Figure 2. Schematic diagram of autoradiogram showing bands generated by the chain termination method of DNA sequencing. A band in any particular gel lane results from the incorporation of a dideoxynucleotide. DNA sequence is read from the bottom of the gel upward.

To make the DNA strands visible, a nucleotide carrying a radioactive phosphorous or sulfur atom is included in the reaction. Also included in each reaction tube is a quantity of a unique dideoxynucleotide, a modified form of a nucleotide that lacks the site at which other bases can attach during chain growth. Thus, when this nucleotide is added to the DNA chain, all further chain growth is terminated. In the "A" tube, a dideoxynucleotide form of the A base, dideoxyadenosine triphosphate, is added. In the "C" tube, dideoxycytidine triphosphate is added. Dideoxyguanosine triphos-phate is added to the "G" tube, and dideoxythymidine triphosphate to the "T" tube.

When the reactions are incubated at a temperature suitable for the DNA polymerase, nucleotides that are complementary to the bases on the template are added onto the end of the attached primer. The bases A and T are complementary, as are G and C. Thus, if a T base is on the template strand, DNA polymerase will add the complementary base, A, at the corresponding position in the new, extending strand. If, by chance, the DNA polymerase adds a dideoxynucleotide, chain growth is terminated at that point.

Since dideoxynucleotides are randomly incorporated, each reaction generates a mixture of DNA molecules of variable length, but all are terminated by a dideoxynucleotide. Careful adjustment of reactant concentration will give a set of DNA molecules that terminate at each of the possible positions. The "A" tube, for instance, will contain a mixture of DNA chains, each of which ends in a different "A."

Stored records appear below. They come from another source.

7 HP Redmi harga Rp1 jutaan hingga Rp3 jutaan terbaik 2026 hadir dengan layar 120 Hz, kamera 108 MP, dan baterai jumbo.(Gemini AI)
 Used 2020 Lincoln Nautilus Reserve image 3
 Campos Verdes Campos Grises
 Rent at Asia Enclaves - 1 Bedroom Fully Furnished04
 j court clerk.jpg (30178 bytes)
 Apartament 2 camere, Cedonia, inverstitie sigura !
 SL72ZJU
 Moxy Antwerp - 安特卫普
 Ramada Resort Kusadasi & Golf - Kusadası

As in Maxam-Gilbert sequencing, each reaction is loaded in its own gel lane and electrophoresal autoradiography is then used to detect the fragments. The base sequence is read directly off the X-ray film from the bottom of the gel upward, noting the lane in which each band appears (see Figure 2). The bands at the bottom of the gel represent the shortest fragments and resulted from termination events closest to the primer. Bands toward the top of the gel represent longer fragments made by termination events farthest from the primer.